Arrangement for reduction of acoustic vibrations in a combustion chamber

Abstract

The invention refers to a combustion chamber device including a combustion chamber (2) and a set of burners (6) with an outlet opening (7) in the combustion chamber. Each burner includes members (10) for the supply of a flow of oxygen-containing gas, members (8) for the supply of fuel, and a space (9), which extends to the combustion chamber (2) for mixing of the fuel and the oxygen-containing gas. Each burner (6) is arranged to convey a substantially equally large flow of oxygen-containing gas through the burner to the combustion chamber. Each burner (6) is defined by at least one parameter including a characteristic length (a) of the space (9) along the longitudinal direction (x). At least the characteristic length (a) of at least one of the burners is selected in such a way that it deviates from the corresponding length (a) of another burner and in such a way that the influence of the oscillations which arise during operation of the combustion chamber device are reduced.

Description

THE BACKGROUND OF THE INVENTION AND PRIOR ART

The present invention refers to a combustion chamber device, including a combustion chamber and a set of burners which each has an outlet opening in the combustion chamber.

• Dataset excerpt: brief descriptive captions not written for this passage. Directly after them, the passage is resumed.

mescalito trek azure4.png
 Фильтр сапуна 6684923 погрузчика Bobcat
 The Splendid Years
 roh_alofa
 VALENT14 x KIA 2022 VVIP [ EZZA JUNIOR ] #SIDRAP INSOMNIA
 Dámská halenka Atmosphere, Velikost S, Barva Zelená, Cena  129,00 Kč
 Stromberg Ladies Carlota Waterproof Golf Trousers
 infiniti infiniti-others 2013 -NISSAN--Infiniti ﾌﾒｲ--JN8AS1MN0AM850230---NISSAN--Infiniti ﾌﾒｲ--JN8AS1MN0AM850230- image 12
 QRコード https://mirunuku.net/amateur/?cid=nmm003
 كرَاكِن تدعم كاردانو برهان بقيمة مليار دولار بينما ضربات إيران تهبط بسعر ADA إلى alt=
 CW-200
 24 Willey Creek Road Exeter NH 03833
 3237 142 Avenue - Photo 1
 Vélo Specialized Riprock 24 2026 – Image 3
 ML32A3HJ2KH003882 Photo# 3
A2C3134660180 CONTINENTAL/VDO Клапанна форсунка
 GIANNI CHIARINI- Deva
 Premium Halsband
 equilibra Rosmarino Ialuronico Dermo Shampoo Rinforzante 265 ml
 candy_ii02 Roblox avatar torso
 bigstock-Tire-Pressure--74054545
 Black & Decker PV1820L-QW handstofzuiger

In such combustion chambers with several burners, for instance gas turbines, acoustic pressure oscillations, or pressure pulsations might arise, which lead to mechanical oscillations creating strength problems and noise problems. Such oscillations may have an oscillation frequency at some or several hundreds of Hz and is, in combustion chambers for gas turbines, an increasing problem, at least partly due to the more severe requirements of lower emissions of, for instance, NO_x compounds. A possible explanation to the increase of the oscillations when the emissions decreases could be that a fuel of a main flow and the air are premixed and form a mixture in which the combustion thereafter will take place. The better and more uniform mixture, the lower is the percentage of emissions, but at the same time the burning volume is more susceptible for pressure oscillations. Since combustion chamber devices today frequently include a plurality of burners which influences each other via any common space, such as a combustion chamber, the oscillations from different burners will in many cases also intensify each other.

It is known that the influence of such acoustic pressure oscillations at least partly may be reduced by the supply of fuel in a so-called pilot flow, i.e. a fuel which is not pre-mixed. However, the combustion of such a pilot flow results in an increase of the emissions.

DE 4 336 096 discloses an annular combustion chamber with a plurality of burners. The burners are displaced in relation to each other in a longitudinal direction in order to reduce the oscillations. All the burners seem to have an identical shape.

WO 98/12479 discloses a combustion chamber for a gas turbine with a number of burners of different sizes. However, each burner has a maintained geometrical shape, i.e. all measure relations have been maintained although the size is changed.

SUMMARY OF THE INVENTION

The object of the present invention is to reduce the influence of the acoustic pressure oscillations which are generated during operation of a combustion chamber device without, at the same time, increasing the emissions of, in the first place, nitrogen oxides.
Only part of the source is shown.